→ **Problem to solve**: Leave out pictures; repeat exactly the lines from the "Pendentif cœur ajouré" line through the last of the data below.

Start of Block

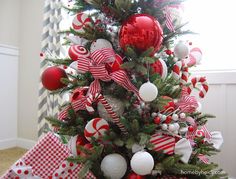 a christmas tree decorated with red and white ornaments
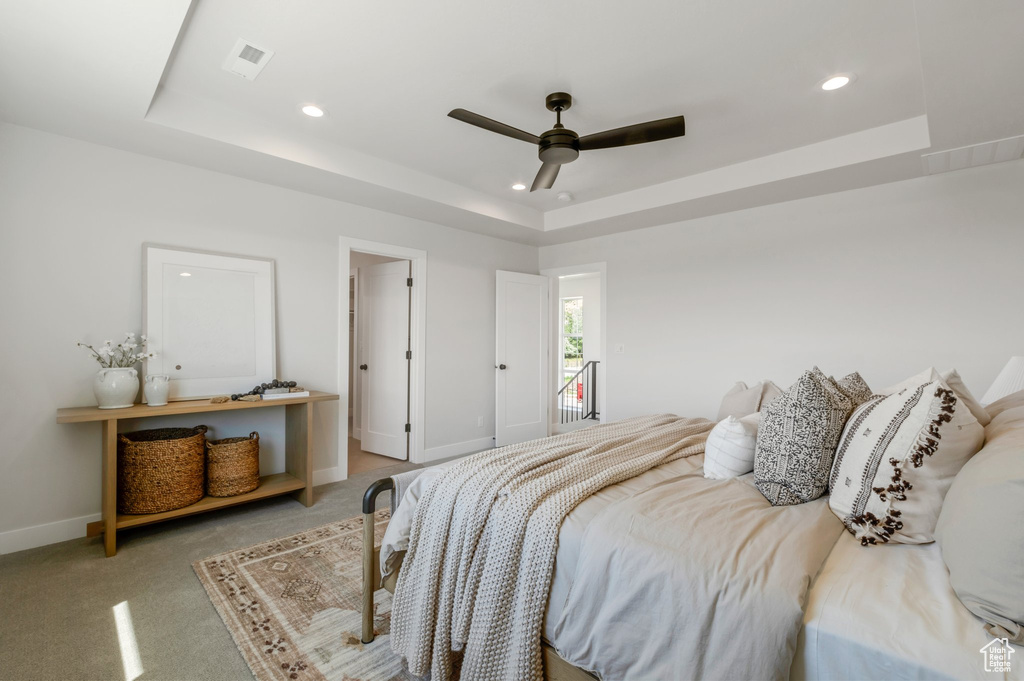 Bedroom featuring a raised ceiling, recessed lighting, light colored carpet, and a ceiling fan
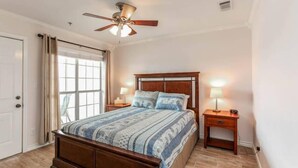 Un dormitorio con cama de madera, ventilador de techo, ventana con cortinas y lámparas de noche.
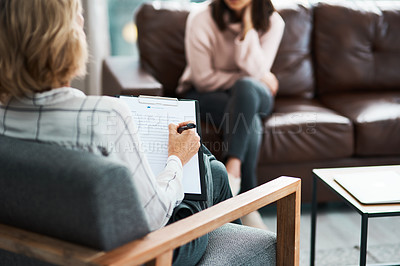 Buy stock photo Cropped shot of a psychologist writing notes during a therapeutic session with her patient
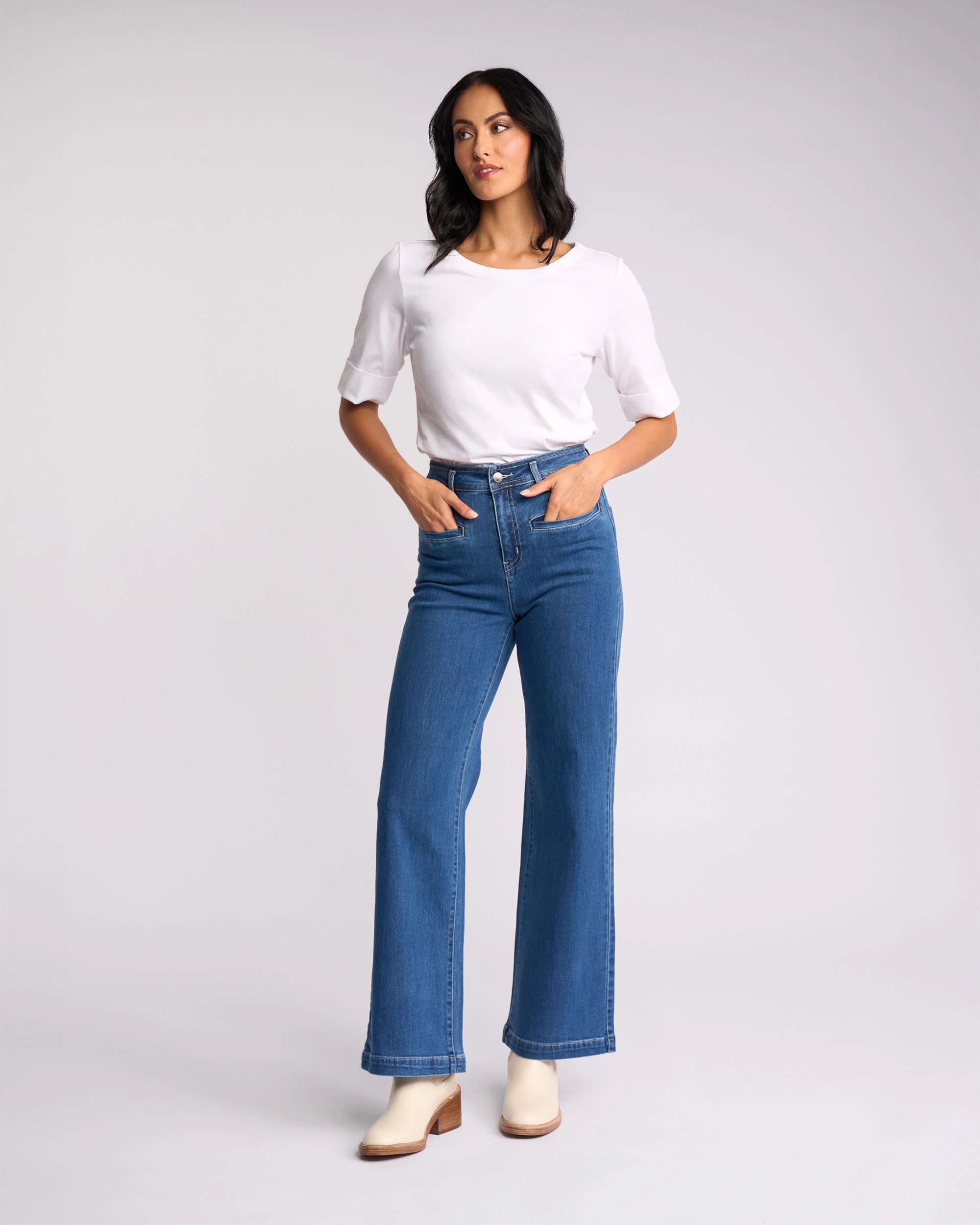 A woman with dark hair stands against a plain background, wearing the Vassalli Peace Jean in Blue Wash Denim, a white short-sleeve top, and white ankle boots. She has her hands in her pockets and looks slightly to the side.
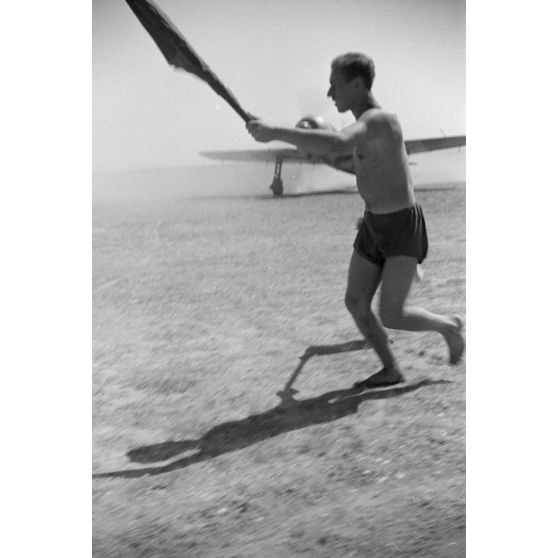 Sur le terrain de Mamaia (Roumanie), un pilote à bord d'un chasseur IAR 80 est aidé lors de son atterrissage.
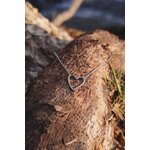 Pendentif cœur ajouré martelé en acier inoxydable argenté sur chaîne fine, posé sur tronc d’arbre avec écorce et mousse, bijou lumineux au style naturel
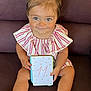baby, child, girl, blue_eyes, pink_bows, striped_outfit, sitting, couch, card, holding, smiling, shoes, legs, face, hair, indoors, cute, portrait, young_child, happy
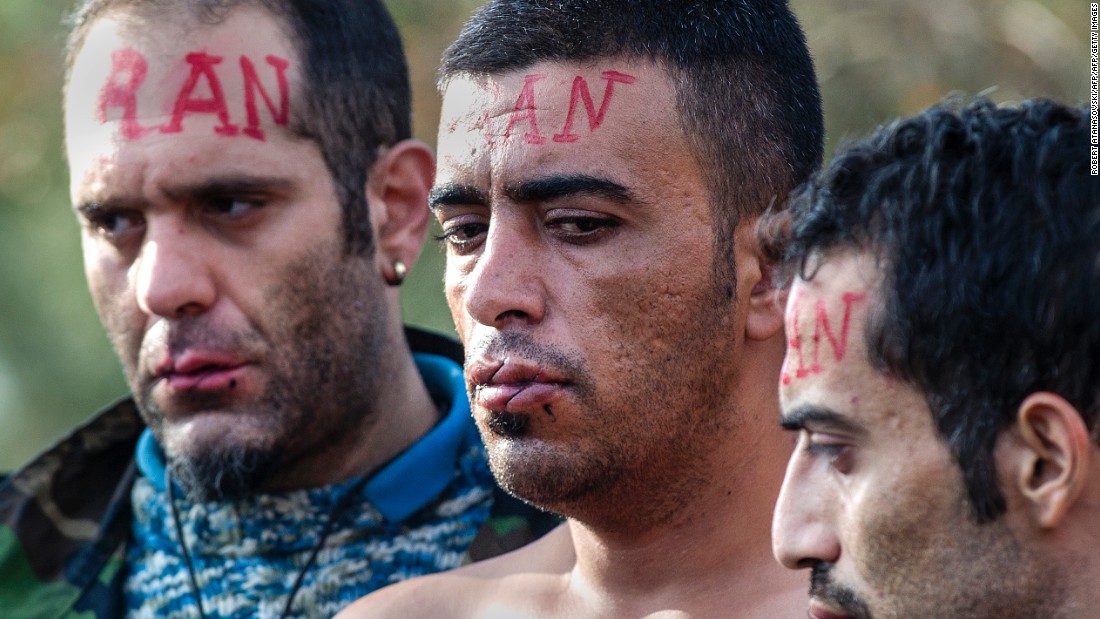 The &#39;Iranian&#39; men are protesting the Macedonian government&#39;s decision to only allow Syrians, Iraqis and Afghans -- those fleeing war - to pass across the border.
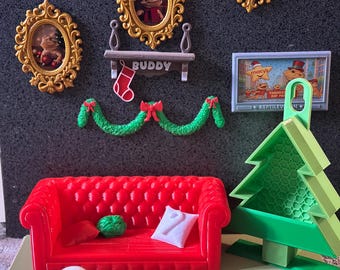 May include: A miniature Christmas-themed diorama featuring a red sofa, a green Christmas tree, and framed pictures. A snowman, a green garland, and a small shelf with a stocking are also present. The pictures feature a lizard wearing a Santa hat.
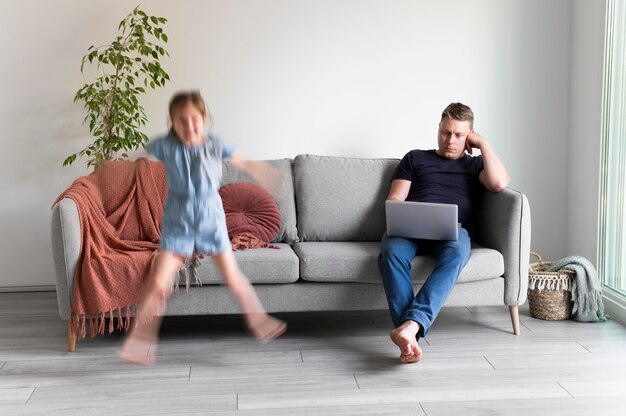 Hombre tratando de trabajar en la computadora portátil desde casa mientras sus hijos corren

End of Block

→ **Exercise result**:
 Pendentif cœur ajouré martelé en acier inoxydable argenté sur chaîne fine, posé sur tronc d’arbre avec écorce et mousse, bijou lumineux au style naturel
baby, child, girl, blue_eyes, pink_bows, striped_outfit, sitting, couch, card, holding, smiling, shoes, legs, face, hair, indoors, cute, portrait, young_child, happy
 The &#39;Iranian&#39; men are protesting the Macedonian government&#39;s decision to only allow Syrians, Iraqis and Afghans -- those fleeing war - to pass across the border.
 May include: A miniature Christmas-themed diorama featuring a red sofa, a green Christmas tree, and framed pictures. A snowman, a green garland, and a small shelf with a stocking are also present. The pictures feature a lizard wearing a Santa hat.
 Hombre tratando de trabajar en la computadora portátil desde casa mientras sus hijos corren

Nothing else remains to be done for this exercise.